Mattioli ha spiegato che “il fatto è avvenuto in acque internazionali”,
sostenendo che era impossibile una reazione dell’equipaggio del
rimorchiatore.
“Noi siamo civili, a bordo della Asso 21 ci sono 12 persone. Noi
rispondiamo in primis per la coscienza che ha chiunque opera in mare, e
deve salvare vite umane in pericolo. Teoricamente non voglio dire che
non li dovremmo salvare, potrebbe sembrare una affermazione terribile,
ma da cittadino italiano dico che questo flusso migratorio non può
essere risolto attraverso l’utilizzo di imbarcazioni civili. Immaginate
12 persone di equipaggio a dover gestire 250 migranti, molti dei quali
malati, e non abbiamo di certo un medico a bordo”.
Con
il barcone al traino, la motovedetta libica ha navigato verso casa
guardata a vista da un elicottero della Marina italiana e dalla fregata
lanciamissili Bergamini, gioiello tecnologico da mezzo miliardo di euro
ma impotente di fronte alla beffa compiuta dalla piccola unità libica
che ha giustificato il suo comportamento con la necessità di non
lasciare in mare una imbarcazione abbandonata e pericolosa per la
navigazione.
Certo anche l’Asso 21 avrebbe potuto rimorchiare il barcone in Italia
dove sarebbe stato sequestrato e distrutto ma se i militari libici
hanno addirittura sparato in aria per prenderne il possesso significa
che per loro costituiva un ricco bottino. Considerata la penuria di
imbarcazioni di cui soffrono i trafficanti libici e che un barcone da
250 posti può fruttare a viaggio oltre mezzo milione di euro si può ben
comprendere “il senso del dovere” le motivazioni dell’equipaggio libico.

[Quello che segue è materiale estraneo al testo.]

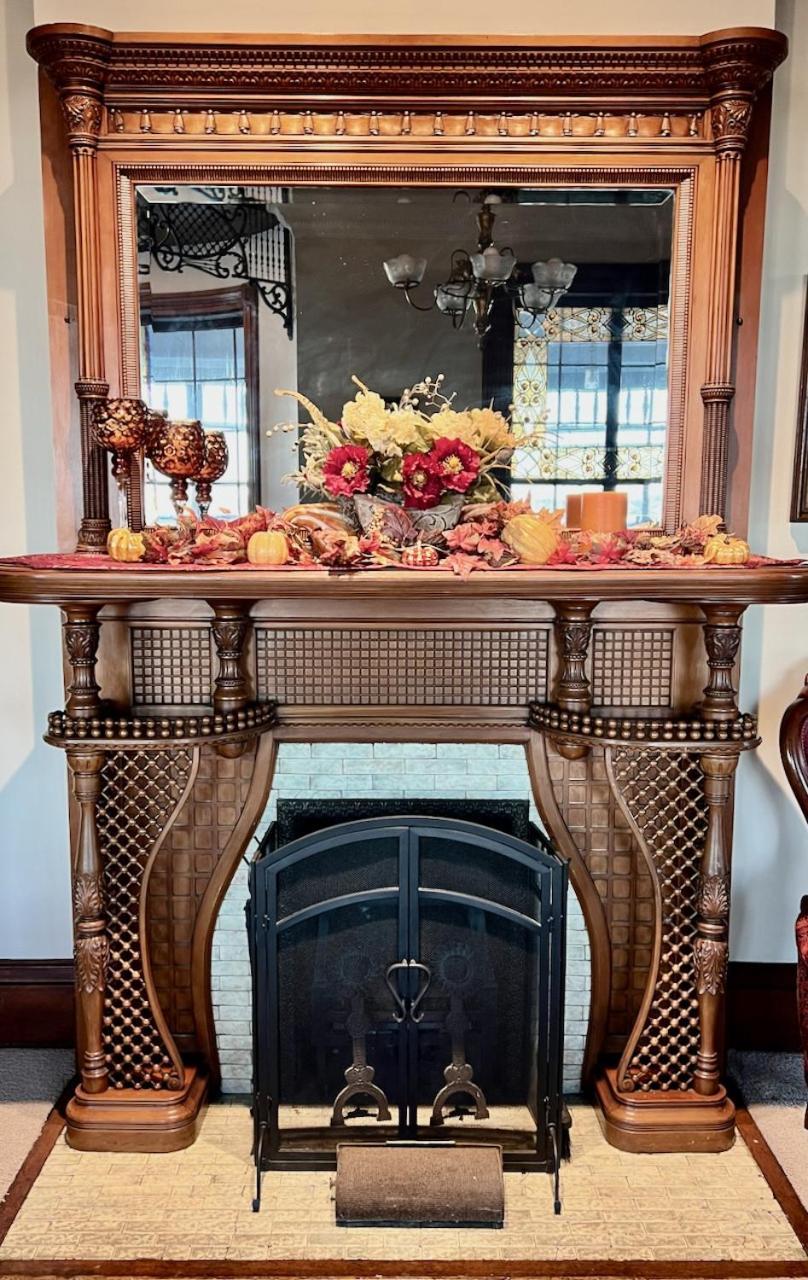 The Hancock House Bed & Breakfast Inn Dubuque Dış mekan fotoğraf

Un po’ meno l’arrendevolezza di un’Italia che non usa mai la forza
per rispondere a minacce, aggressioni e attacchi terroristici rischiando
così di incoraggiare i trafficanti/miliziani/terroristi ad alzare il
tiro considerata l’elevata esposizione a queste minacce degli equipaggi
italiani militari e civili impegnati a ridosso delle coste libiche.
Certo
in base al diritto internazionale se la fregata Bergamini avesse
bloccato la motovedetta libica avrebbe compiuto un atto di guerra. Ma di
guerra contro chi? Lo Stato libico non esiste e quella motovedetta
della Guardia Costiera risponde al “governo” di Tripoli non riconosciuto
dalla comunità internazionale e pieno zeppo di gruppi islamisti, dai
Fratelli Musulmani ai salafiti sostenuti da Qatar e Turchia.

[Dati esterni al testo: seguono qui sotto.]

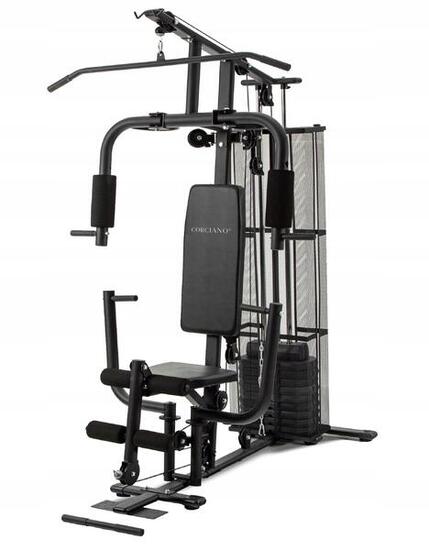 Atlas treningowy ES-407 Master Eliton Corciano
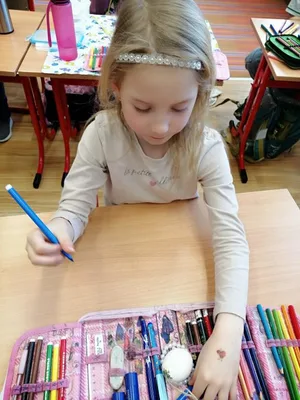 Třetí březnový týden u prvňáků, 20. 3. 2026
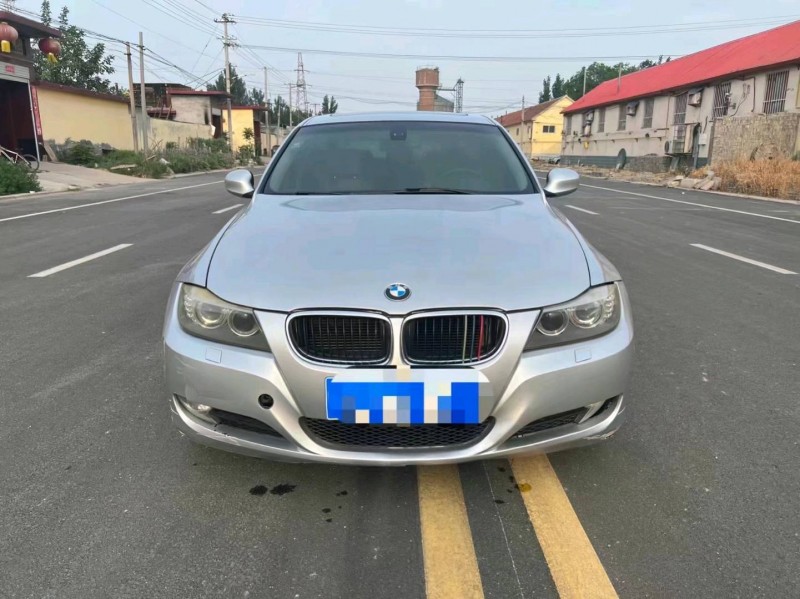 济南11年宝马3系1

“Il Bergamini, appena informato dell’evento, si è immediatamente
diretto verso l’area e individuava via radar il natante, ne monitorava e
seguiva i movimenti anche con un elicottero ripristinando la
necessaria cornice di sicurezza” ha spiegato la Marina militare. La nave
da guerra “ha così proseguito nell’attività di pattugliamento in corso
non riscontrando le condizioni per dare seguito ad ulteriori azioni,
mentre la il barchino veloce entrava nelle vicine acque territoriali
libiche. Sulla vicenda sono in corso ulteriori accertamenti per chiarire
tutte le dinamiche” ha concluso il comunicato della Marina.
Con un po’ di coraggio, l’Italia avrebbe potuto fare di più per
impedire l’ennesima beffa consumata sotto i nostri occhi ma occorrerebbe
dare ai militari regole d’ingaggio più aggressive che certo l’attuale
governo, come i precedenti, non sembra avere la capacità politica di
autorizzare.
Del
resto l’Operazione Mare Sicuro (nome infelice che rischia di venire
sbeffeggiato ancor più di Mare Nostrum) ha dimostrato con questo
episodio di non essere in grado di esprimere una credibile deterrenza
nei confronti delle bande libiche mentre l’assistenza riservata ai 10
mila immigrati clandestini portati in Italia negli ultimi giorni induce
ormi a considerare che le navi italiane e le poche europee
dell’operazione Triton concretamente non fanno altro che proseguire
l’opera di accoglienza umanitaria perpetrata da Mare Nostrum.
Il viceministro degli Esteri, Lapo Pistelli, ha condannato senza
appello Triton affermando che “il dispositivo non è sufficiente. In 90
giorni ha salvato 1.700 persone, nello stesso periodo la nostra Guardia
Costiera ne ha salvate 17 mila, dieci volte di più”. Il problema che
sembra sfuggire anche un politico attento e preparato come Pistelli è
che nella gara a chi porta più immigrati sulle nostre coste l’unica a
perdere è l’Italia perché senza respingimenti il flusso non avrà mai
fine e perché non siamo in grado sul piano finanziario e sociale di
accogliere queste masse e non si è mai visto uno Stato aiutare così alla
luce del sole criminali e terroristi ad arricchirsi pur sapendo chi
lucra sui traffici di esseri umani.
Del
resto i flussi di immigrazione clandestina potrebbero ancora più
intensi se i trafficanti disponessero di un numero adeguato di barconi.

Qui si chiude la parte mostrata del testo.